**DATA**
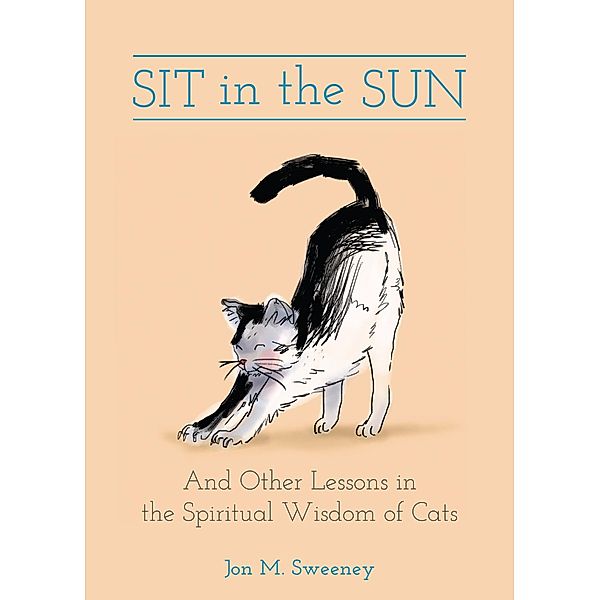 Sit in the Sun, Jon M. Sweeney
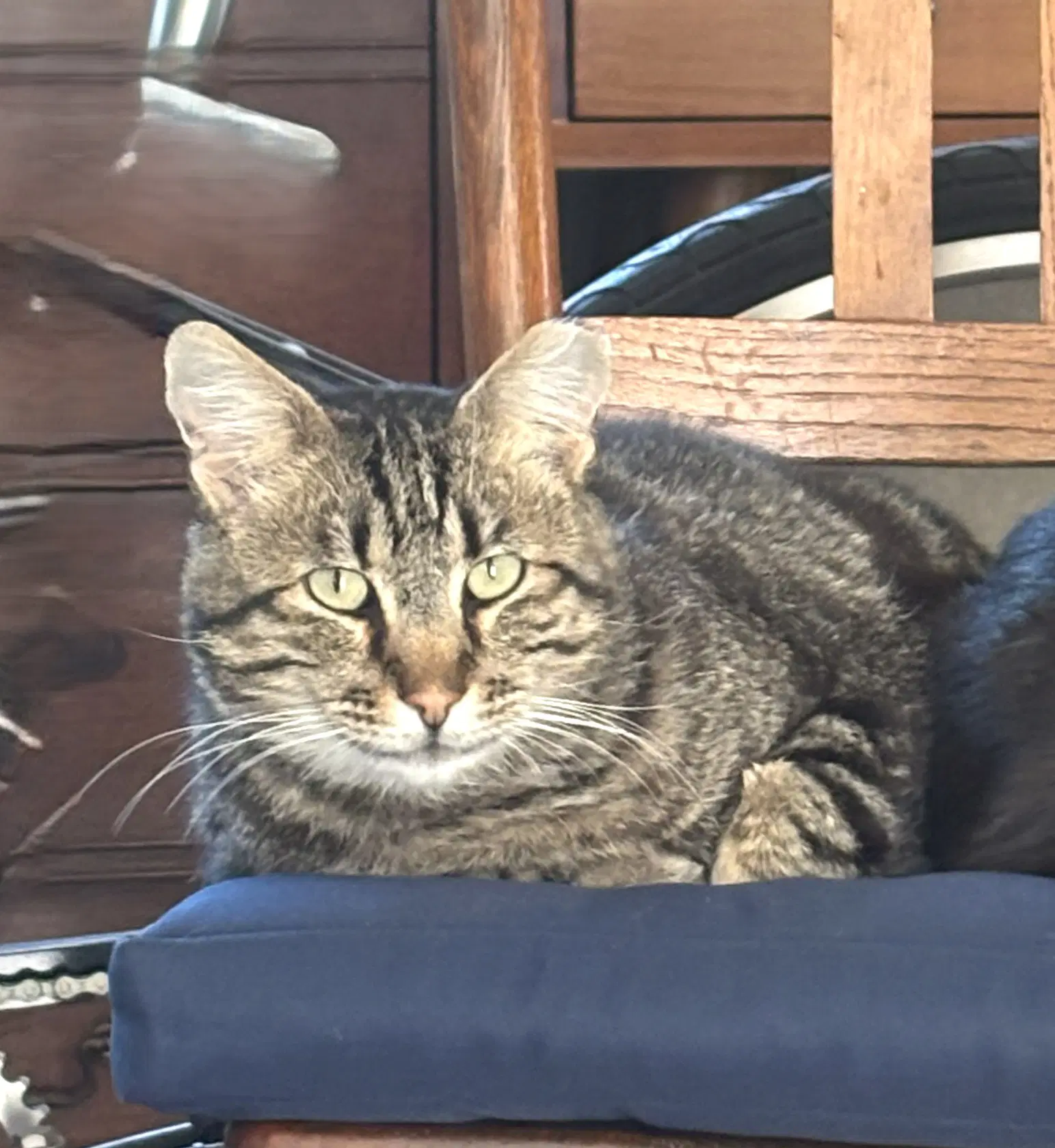 Irving - Domestic Short Hair
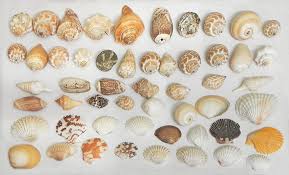 Assorted Sea Shells For Decoration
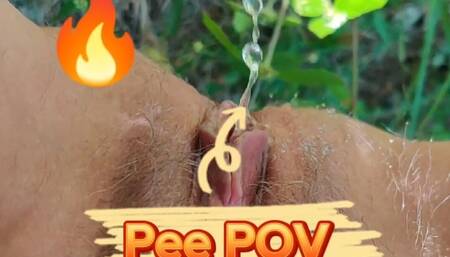 Pee POV on the Palm Plantation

**WHAT YOU ARE ASKED TO DO**
Output the lines above in full and exactly. Leave out every picture.

**TASK SOLUTION**
 Sit in the Sun, Jon M. Sweeney
 Irving - Domestic Short Hair
 Assorted Sea Shells For Decoration
 Pee POV on the Palm Plantation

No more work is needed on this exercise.